WORK TASK:
Copy nothing but the lines from the one containing "Les voyageurs apprécieront" through the last line of the records, repeated exactly and without pictures.

RECORDS SHOWN:

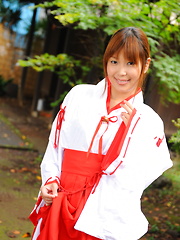Teen Yuuno Hoshi gets caught in the garden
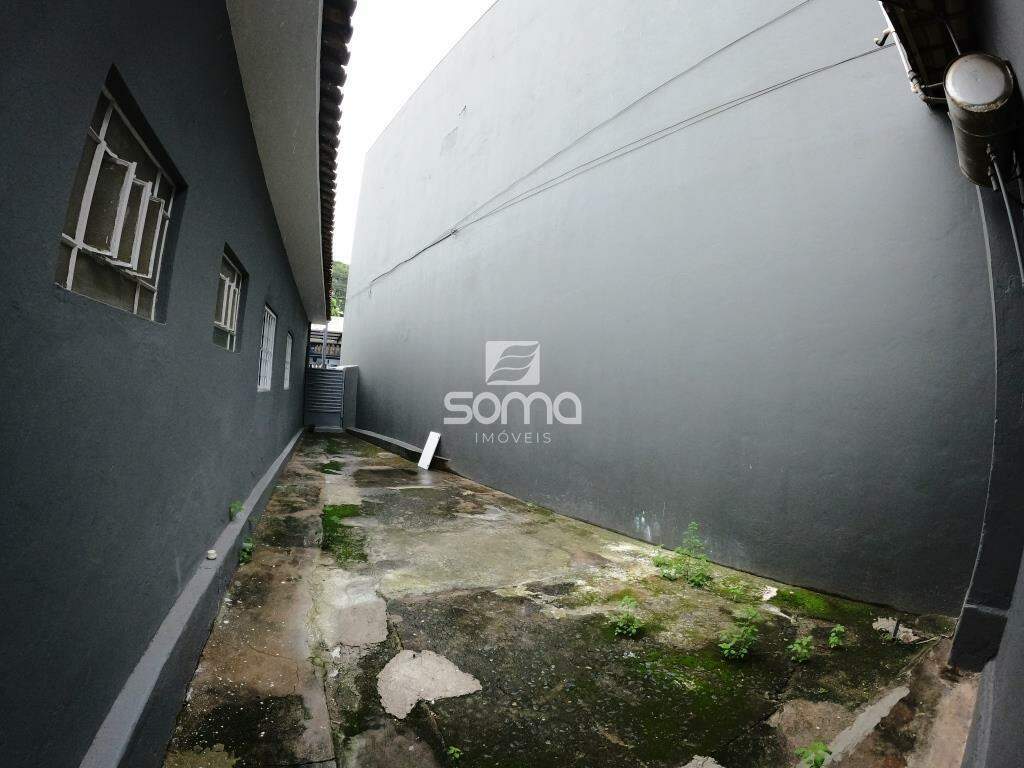 Casa para aluguel no Centro: 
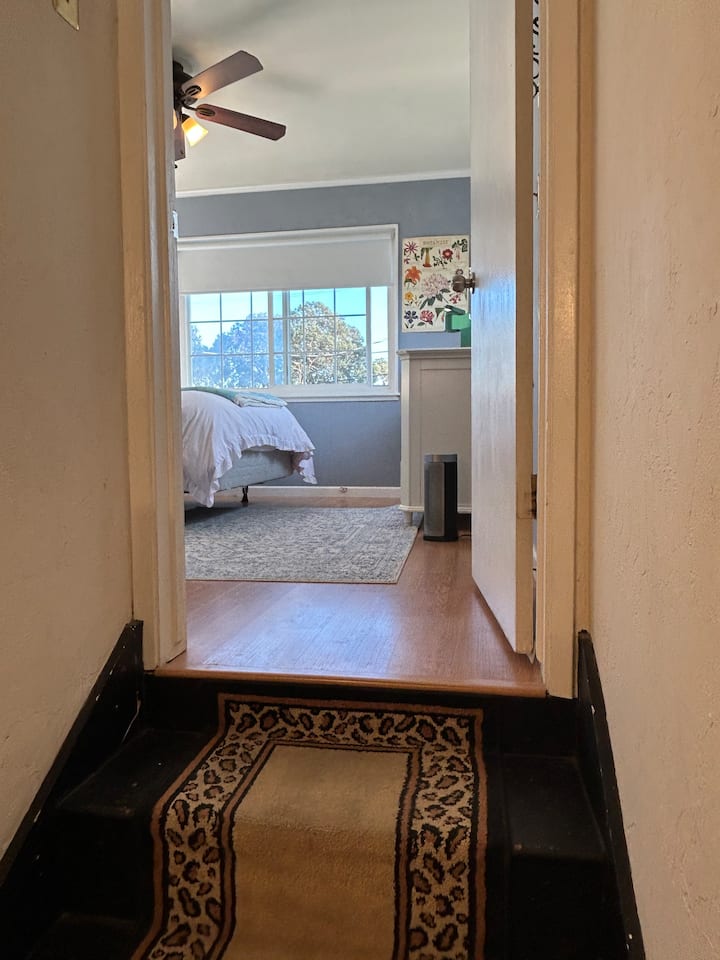 Les voyageurs apprécieront l'intimité de la seule chambre située au deuxième étage et de l'escalier privé.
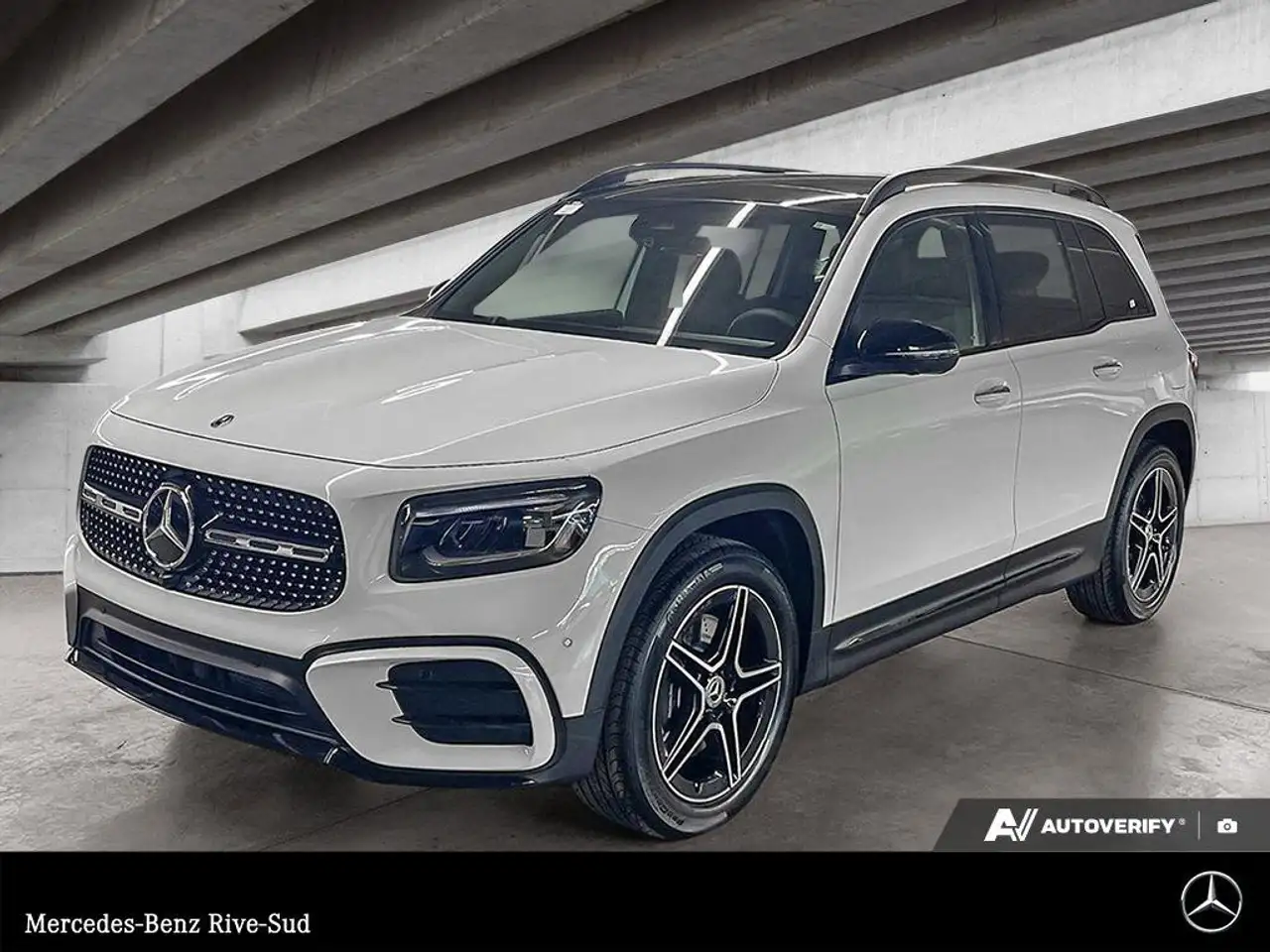 Mercedes-Benz GLB снимка Mercedes-Benz GLB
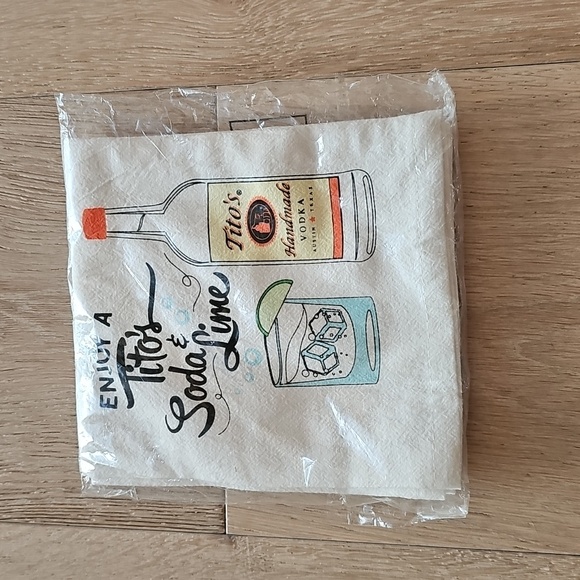 NWOT Tito's Vodka soda and lime Kitchen napkin cloth - Picture 1 of 5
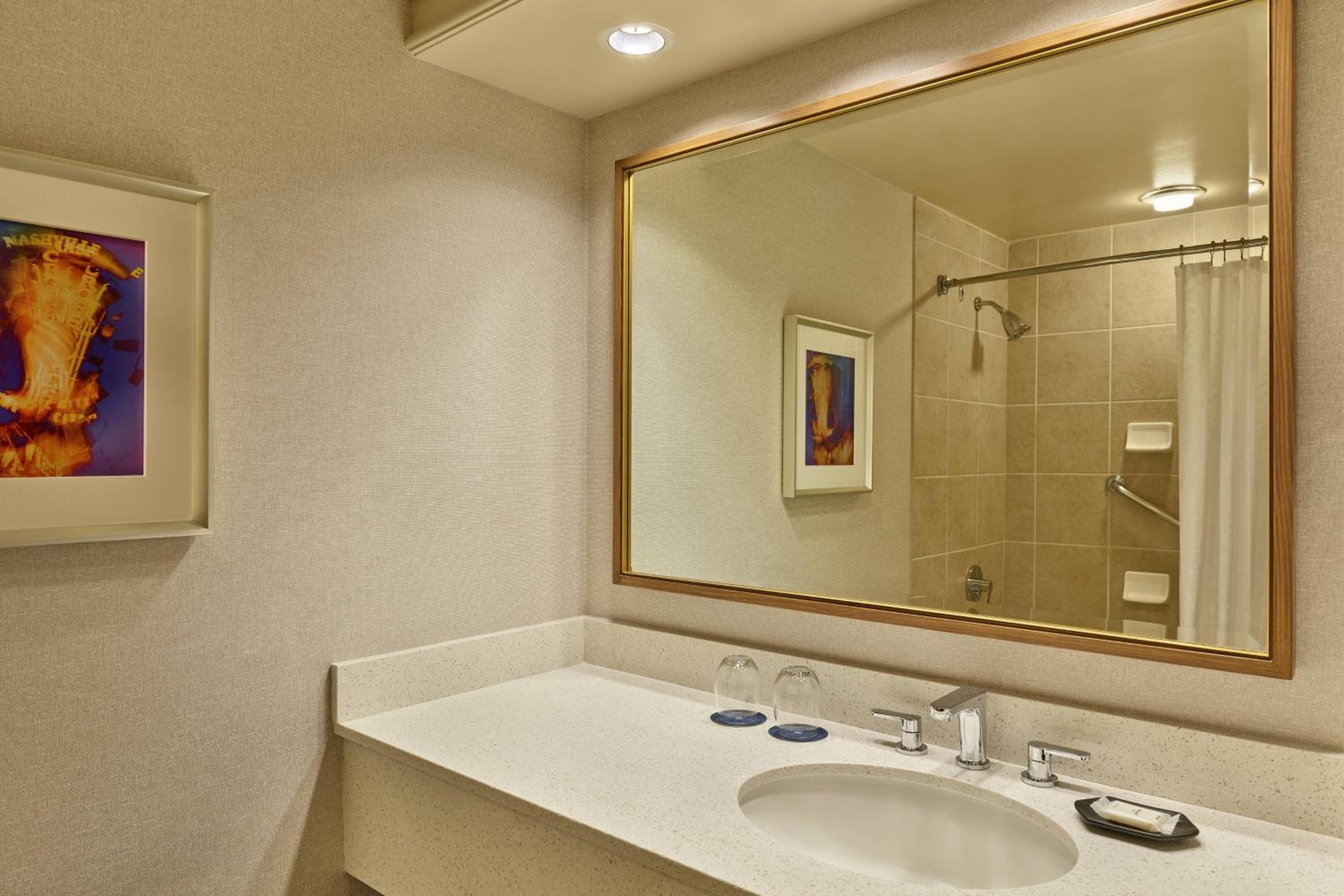 1 KING GUEST ROOM - Photo 2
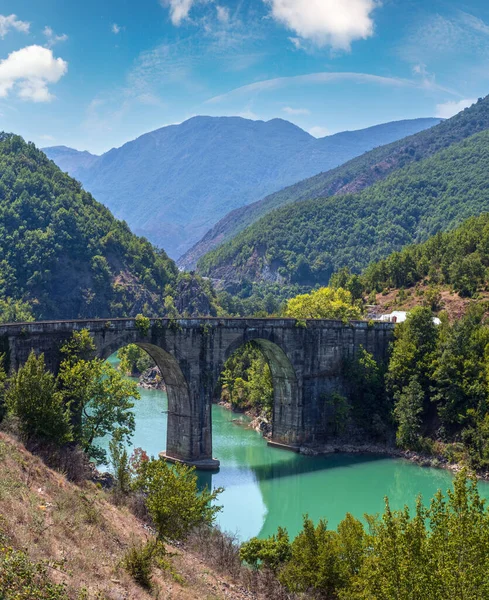 ショッペト湖の断崖絶壁の海岸に沿ってアルバニアで最も美しい道路の一つからの眺め ウルザ湖自然公園 ディバー郡 バルカン山脈 アルバニア ヨーロッパ — ストック写真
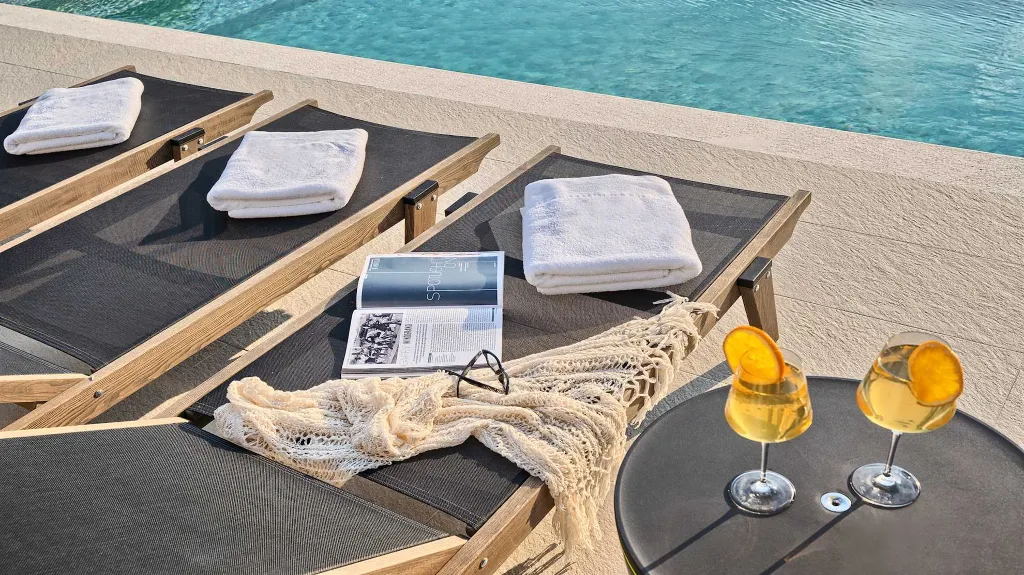 9-Bedroom Villa in Brela for 18 Guests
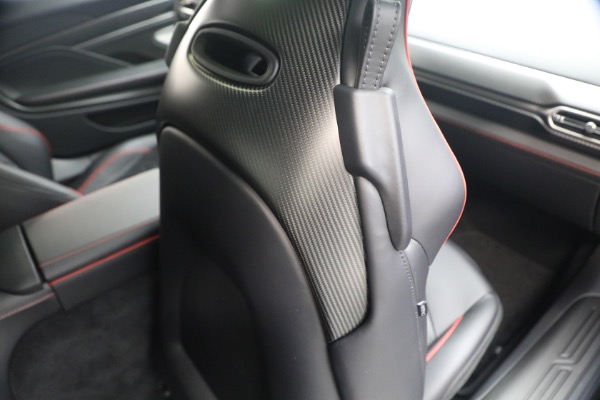 New 2026 Aston Martin Vanquish for sale $546,000 at Maserati of Westport in Westport CT 06880 21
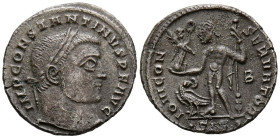 CONSTANTINO I. Follis. (Ae. 2,87g/20mm). 315-316 d.C. Siscia. (RIC 15). Anv: Cabeza laureada de Constantino I a derecha, alrededor leyenda: IMP CONSTA...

RESULT OF THE TASK:
 Les voyageurs apprécieront l'intimité de la seule chambre située au deuxième étage et de l'escalier privé.
 Mercedes-Benz GLB снимка Mercedes-Benz GLB
 NWOT Tito's Vodka soda and lime Kitchen napkin cloth - Picture 1 of 5
 1 KING GUEST ROOM - Photo 2
 ショッペト湖の断崖絶壁の海岸に沿ってアルバニアで最も美しい道路の一つからの眺め ウルザ湖自然公園 ディバー郡 バルカン山脈 アルバニア ヨーロッパ — ストック写真
 9-Bedroom Villa in Brela for 18 Guests
 New 2026 Aston Martin Vanquish for sale $546,000 at Maserati of Westport in Westport CT 06880 21
 CONSTANTINO I. Follis. (Ae. 2,87g/20mm). 315-316 d.C. Siscia. (RIC 15). Anv: Cabeza laureada de Constantino I a derecha, alrededor leyenda: IMP CONSTA...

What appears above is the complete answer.